WHAT THE TASK REQUIRES: Output the data verbatim, minus the images.

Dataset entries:
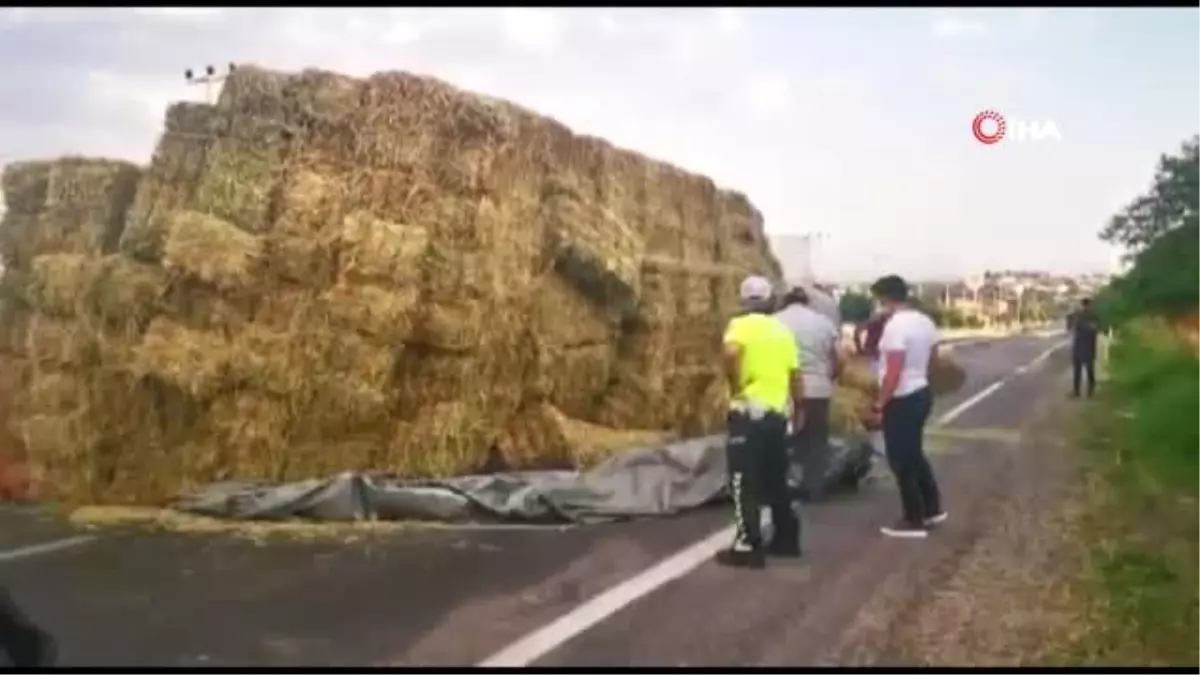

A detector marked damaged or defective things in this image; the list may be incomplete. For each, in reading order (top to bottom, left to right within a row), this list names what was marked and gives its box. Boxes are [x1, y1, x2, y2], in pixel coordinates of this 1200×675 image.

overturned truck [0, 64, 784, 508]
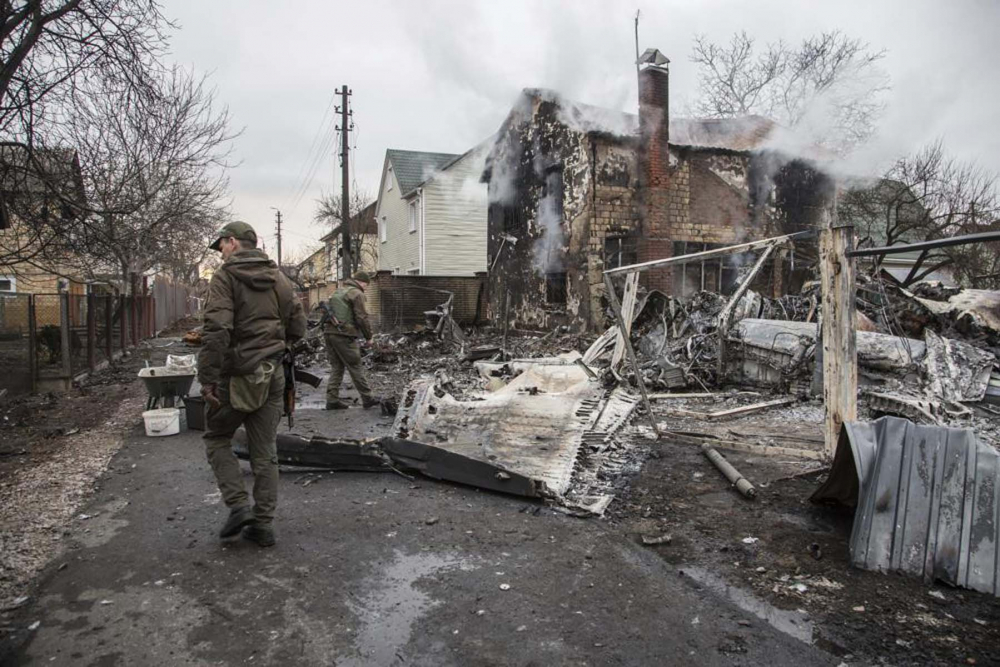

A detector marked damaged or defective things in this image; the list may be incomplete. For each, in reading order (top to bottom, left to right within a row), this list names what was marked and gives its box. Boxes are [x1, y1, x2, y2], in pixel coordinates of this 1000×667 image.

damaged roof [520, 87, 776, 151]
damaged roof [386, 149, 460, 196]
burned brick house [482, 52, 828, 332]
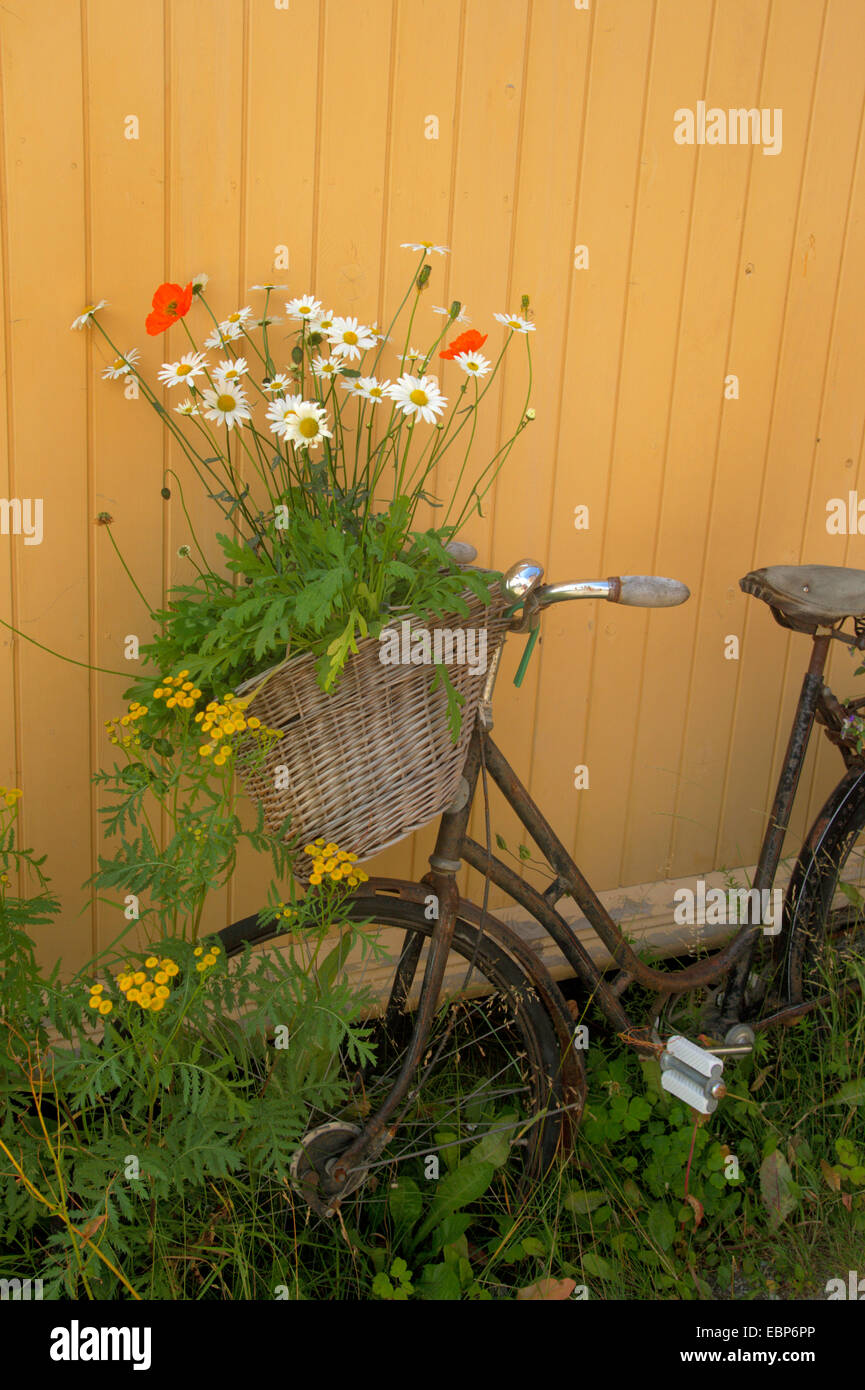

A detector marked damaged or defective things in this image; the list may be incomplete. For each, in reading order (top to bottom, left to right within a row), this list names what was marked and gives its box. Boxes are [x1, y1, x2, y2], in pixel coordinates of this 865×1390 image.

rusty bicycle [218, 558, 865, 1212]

WRITTEN SOLUTION:
A detector marked damaged or defective things in this image; the list may be incomplete. For each, in reading order (top to bottom, left to right within a row), this list names what was marked and gives its box. Boxes are [x1, y1, x2, y2], in pixel coordinates of this 1200×675 image.

overturned truck [0, 64, 784, 508]

A detector marked damaged or defective things in this image; the list may be incomplete. For each, in reading order (top to bottom, left to right within a row), this list names what was marked and gives its box. Boxes are [x1, y1, x2, y2], in pixel coordinates of this 1000×667 image.

damaged roof [520, 87, 776, 151]
damaged roof [386, 149, 460, 196]
burned brick house [482, 52, 828, 332]

A detector marked damaged or defective things in this image; the list may be incomplete. For each, in reading order (top to bottom, left to right within a row), this list names what was marked and gives its box. Boxes are [x1, y1, x2, y2], in pixel coordinates of this 865×1390 image.

rusty bicycle [218, 558, 865, 1212]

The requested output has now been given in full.